The Favourite With films like “Dogtooth,” “The Lobster,” and “The Killing of a Sacred Deer,” The Favourite Yorgos Lanthimos’ internationally acclaimed works have been concerned
with looming domestic dynamics and battles among couples, siblings and families residing under one roof.
Those household idiosyncrasies and preoccupations of
the Greek auteur now find a new habitat in early 18th Century
England, with the fiendishly eccentric and entertaining
costume drama “The Favourite.”
Even if this unique absurdist has not exactly
been your cup of tea previously, he might finally
win you over with this deliciously “Dangerous Liaisons”-esque and thoroughly female-driven period film, co-written by Deborah Davis and Tony McNamara.
Lanthimos does not share a screenplay credit with the duo—an anomaly and a welcome departure for the filmmaker, who usually co-writes with Efthymis Filippou with his signature formality.

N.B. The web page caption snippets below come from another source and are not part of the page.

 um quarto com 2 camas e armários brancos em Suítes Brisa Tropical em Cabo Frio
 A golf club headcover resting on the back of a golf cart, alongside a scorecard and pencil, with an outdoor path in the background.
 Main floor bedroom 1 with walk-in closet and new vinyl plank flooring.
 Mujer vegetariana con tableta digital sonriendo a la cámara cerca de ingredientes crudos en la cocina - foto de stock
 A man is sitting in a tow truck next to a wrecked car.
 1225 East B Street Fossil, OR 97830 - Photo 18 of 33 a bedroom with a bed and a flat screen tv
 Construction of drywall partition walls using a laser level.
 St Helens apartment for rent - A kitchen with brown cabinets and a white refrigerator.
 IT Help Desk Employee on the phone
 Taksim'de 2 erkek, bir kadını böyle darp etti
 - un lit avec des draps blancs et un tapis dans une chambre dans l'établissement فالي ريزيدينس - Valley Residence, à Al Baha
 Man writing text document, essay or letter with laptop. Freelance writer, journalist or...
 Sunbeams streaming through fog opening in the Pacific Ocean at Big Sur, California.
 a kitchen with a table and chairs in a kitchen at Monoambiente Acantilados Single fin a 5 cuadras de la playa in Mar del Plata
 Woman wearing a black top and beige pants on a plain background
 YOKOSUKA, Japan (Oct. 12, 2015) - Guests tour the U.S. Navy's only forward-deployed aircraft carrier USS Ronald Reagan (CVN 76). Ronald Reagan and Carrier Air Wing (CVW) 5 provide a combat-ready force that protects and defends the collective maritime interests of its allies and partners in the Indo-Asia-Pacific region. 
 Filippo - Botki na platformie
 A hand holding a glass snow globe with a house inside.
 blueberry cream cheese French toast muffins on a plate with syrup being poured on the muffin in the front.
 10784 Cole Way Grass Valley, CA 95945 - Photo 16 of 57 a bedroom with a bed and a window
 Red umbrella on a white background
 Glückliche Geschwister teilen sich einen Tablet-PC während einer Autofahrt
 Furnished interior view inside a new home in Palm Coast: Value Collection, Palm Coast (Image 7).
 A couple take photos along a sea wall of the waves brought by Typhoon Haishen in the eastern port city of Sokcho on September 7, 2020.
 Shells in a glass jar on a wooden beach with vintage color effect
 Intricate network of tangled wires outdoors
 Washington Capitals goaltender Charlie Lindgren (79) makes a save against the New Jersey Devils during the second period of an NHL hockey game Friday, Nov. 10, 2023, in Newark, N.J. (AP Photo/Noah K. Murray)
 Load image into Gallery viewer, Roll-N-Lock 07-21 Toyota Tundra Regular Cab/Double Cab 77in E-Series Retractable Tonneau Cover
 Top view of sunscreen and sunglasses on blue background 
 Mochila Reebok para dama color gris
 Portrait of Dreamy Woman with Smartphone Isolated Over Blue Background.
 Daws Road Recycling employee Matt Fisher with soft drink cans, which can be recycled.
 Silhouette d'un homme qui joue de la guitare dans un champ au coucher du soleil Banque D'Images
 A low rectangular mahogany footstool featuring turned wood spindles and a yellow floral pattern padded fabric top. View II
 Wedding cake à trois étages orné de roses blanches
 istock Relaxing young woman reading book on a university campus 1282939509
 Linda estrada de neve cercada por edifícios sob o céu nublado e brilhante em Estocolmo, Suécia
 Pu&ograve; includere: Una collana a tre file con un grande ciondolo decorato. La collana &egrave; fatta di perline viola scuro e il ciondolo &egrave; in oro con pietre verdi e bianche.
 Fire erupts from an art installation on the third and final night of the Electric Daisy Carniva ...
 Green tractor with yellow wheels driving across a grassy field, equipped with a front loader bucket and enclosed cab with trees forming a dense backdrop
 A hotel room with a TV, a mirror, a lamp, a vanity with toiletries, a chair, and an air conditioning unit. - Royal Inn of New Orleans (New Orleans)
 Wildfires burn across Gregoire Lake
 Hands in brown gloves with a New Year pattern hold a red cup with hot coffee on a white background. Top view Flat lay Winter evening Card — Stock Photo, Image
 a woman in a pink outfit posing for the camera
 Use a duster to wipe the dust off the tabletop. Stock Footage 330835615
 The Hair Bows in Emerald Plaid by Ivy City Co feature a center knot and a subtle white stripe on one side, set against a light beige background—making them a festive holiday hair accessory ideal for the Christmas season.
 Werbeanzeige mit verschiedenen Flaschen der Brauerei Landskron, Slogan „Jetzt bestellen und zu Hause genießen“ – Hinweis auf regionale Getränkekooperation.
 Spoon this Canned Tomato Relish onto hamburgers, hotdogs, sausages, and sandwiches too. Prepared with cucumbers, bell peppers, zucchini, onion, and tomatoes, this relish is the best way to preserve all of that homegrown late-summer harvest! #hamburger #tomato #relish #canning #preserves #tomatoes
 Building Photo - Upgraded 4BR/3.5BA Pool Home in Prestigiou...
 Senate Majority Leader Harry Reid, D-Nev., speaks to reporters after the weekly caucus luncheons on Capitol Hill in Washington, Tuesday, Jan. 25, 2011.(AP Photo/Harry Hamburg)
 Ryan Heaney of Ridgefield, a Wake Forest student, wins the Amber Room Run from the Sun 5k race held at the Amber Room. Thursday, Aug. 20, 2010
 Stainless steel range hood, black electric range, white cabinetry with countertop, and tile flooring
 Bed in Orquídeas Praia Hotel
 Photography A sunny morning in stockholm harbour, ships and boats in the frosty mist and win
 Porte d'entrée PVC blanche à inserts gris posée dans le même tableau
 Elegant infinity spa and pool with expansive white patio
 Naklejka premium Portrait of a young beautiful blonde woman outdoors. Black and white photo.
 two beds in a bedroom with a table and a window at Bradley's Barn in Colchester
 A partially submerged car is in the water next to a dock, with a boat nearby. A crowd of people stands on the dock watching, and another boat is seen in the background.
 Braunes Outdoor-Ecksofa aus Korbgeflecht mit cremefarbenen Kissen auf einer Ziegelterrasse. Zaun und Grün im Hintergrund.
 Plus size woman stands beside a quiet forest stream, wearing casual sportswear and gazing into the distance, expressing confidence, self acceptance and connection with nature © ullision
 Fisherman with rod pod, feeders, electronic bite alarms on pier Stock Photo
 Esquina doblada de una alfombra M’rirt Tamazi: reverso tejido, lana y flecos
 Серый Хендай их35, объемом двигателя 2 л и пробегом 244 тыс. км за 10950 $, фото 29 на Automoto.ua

But this is a suitable, if not refreshingly looser canvas for his proven sensibilities, which then gets stretched over a twisty love and power triangle among British Royals. For all its expansiveness, the Royal Palace in “The Favourite” is nothing more than an intimate home of familial duels,
with compartmentalized walls that serve as pillars of confinement. In short, it’s a perfect “Lanthimosian” playground, complete with an array of mischievous backstabbers, tight corsets and a dash of eroticism.
Only sort of based on a true story and laced with plenty of creative fabrications, “The Favourite” follows Queen Anne (Olivia Colman, in an instantly iconic performance),
one of the lesser-known monarchs of England who reigned in the early 1700s during the war with the French.
An occasionally distracted and often irritable royal figure
with a mysterious skin condition, overall poor health and
a soft spot for luscious desserts, Queen Anne lives with
her trusted friend and lover Lady Sarah Churchill (an authoritative and stiff-upper-lipped Rachel Weisz, terrific) and tends to her 17
rabbits that tragically fill an emotional void for each of her
failed pregnancies. The duo’s royal order,
however imbalanced, gets disturbed by the arrival of the calculating, mud-covered ex-aristocrat Abigail Masham (a menacing Emma Stone, like you’ve never seen before),
who humbly accepts a position as a servant while courting an agenda of her own to restore her glory days. Initially,
an unsuspecting Sarah lends Abigail a genuine helping hand, only to quickly realize the treacherous intentions of the double-player.
Various complicities reach an urgent state after Abigail works her way into the Queen’s chamber as her new personal handmaid, and eventually,
crawls into her bed as her lover. A poisonously competitive streak amid the trio commences in due course, while a number of male stakeholders (played by names like Nicholas Hoult and Joe Alwyn)
wander in and out of the picture.
It would be unwarranted to define
“The Favourite” as a timely feminist film with regards
to its handling of female power in a male-dominated world.
And yet, there is a certain timelessness in its old-fashioned frankness about a woman’s fight to get what she wants and demand what she deserves by any means necessary;
brains, sexual appeal or usually, a combination of both. Often satirical, “The Favourite” also grasps the complexity of circumstantial,
patriarchy-defined enmity among females, obliquely bringing to mind everything from “The Women” and “All About Eve,” to “Mean Girls” and “The Handmaiden.”
As amusing as it is to follow the misadventures of the infinitely witty and resourceful Abigail as she plots against her Queen and Lady Churchill, “The Favourite” deserves credit mostly for rising the desperate humanity of its female characters up to the surface,
as they get challenged by their respective demons around social status, undignified competition and physical appeal.